The Dow Jones Industrial Average surged 217 points on Friday, even despite a horrible employment number before the opening bell. That the market could rally regardless of the worst jobless rate in 16 years – 7.6% – showed a resilience not seen in some time. As long as new Treasury Secretary Timothy Geithner doesn’t break Wall Street’s spirit when he announces his financial plan on Monday, this uptrend might continue. Especially now that the bad news – jobs and a slew of poor earnings reports – is out of the way.
The chance for a string of good trading sessions isn’t the only reason to be positive. Cramer has found 10 noteworthy market trends, all of which popped up this week. In a sense, a new world’s been created in just seven days. Well, maybe conditions aren’t that bullish. But overly negative investors will miss what opportunities this market has to offer. So consider the following list before completely giving up.
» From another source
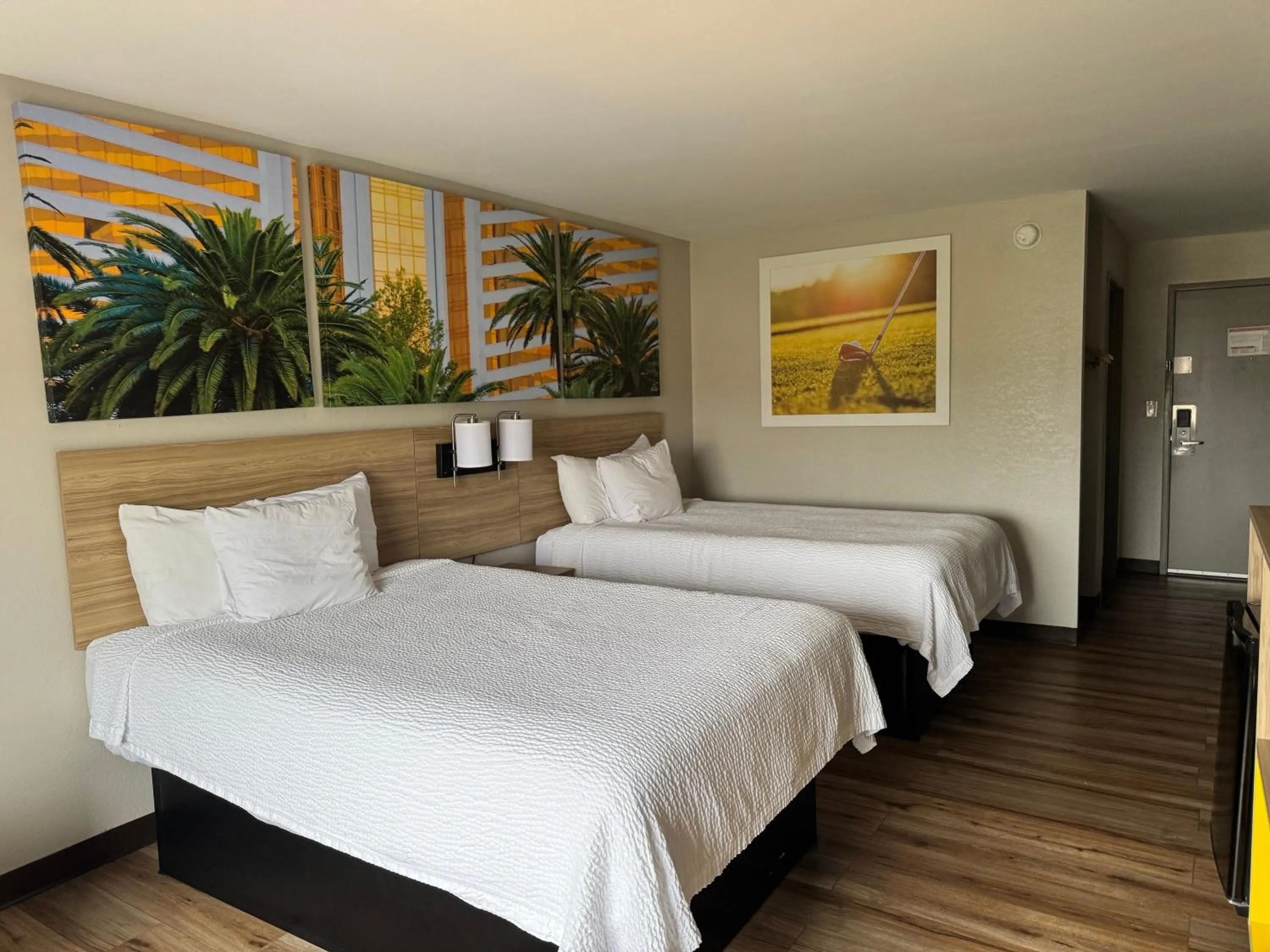 Guests, Bed in Days Inn by Wyndham Mauldin/Greenville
First reason: The Federal Reserve is willing to do whatever’s necessary to save this market. Chairman Ben Bernanke and gang said as much in this week’s meeting.
Number two: While the U.S. may be struggling to pass a worthwhile, infrastructure-heavy stimulus plan, other countries’ spending is already driving the market. See: China.
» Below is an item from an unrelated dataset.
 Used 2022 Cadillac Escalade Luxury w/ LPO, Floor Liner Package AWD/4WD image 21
Three: The Baltic Freight Index, a measure of world trade, has really taken off. It was down heavily last year, but a turnaround is well underway thanks to Chinese demand. Commodities like nickel and copper are up, and oil has finally bottomed, signs of growing strength in the global economy.
Numero cuatro: Again with China – that country’s market is up 20% so far this year. And the Chinese economy is starting to consume mass commodities with the voracious appetite for which its known. That will help to work off any worldwide inventories in coal, steel, copper, aluminum, as well as grains and consumer goods.
Reason five: Despite a negative outlook from Cisco Systems and State Street’s dividend cut, both stocks finished the week up 11.3% and 29.7%, respectively. If money can’t be made shorting such horrible news, then the market’s already sunk too low.
Sixth: Wal-Mart Stores seemed to indicate that people are spending money again.
Seven: Reports showed that housing sales are up in markets where prices are down. Combine that with a $15,000 tax credit for homebuyers, and Cramer thinks a sector bottom could still happen this year.
Number Eight: The hedge-fund selling that hurt so many stocks is over, at least for now. It looks like client redemptions have slowed, giving these funds a much-needed breather.
Ninth reason: The market finally has real leadership in Apple , Research in Motion, Google and Amazon.com. These stocks could take all stocks higher.
And lastly: UPS reported a decent quarter and announced that the transport business isn’t as bad as Wall Street thought. Cramer looks at these transports as a major indicator of the economy’s turn, he said, and the buying in Fed Ex and rails means that investors agree.
So while there’s no reason to be Pollyanna just yet, Cramer thinks there’s a case for being positive.
Cramer's charitable trust owns Wal-Mart Stores.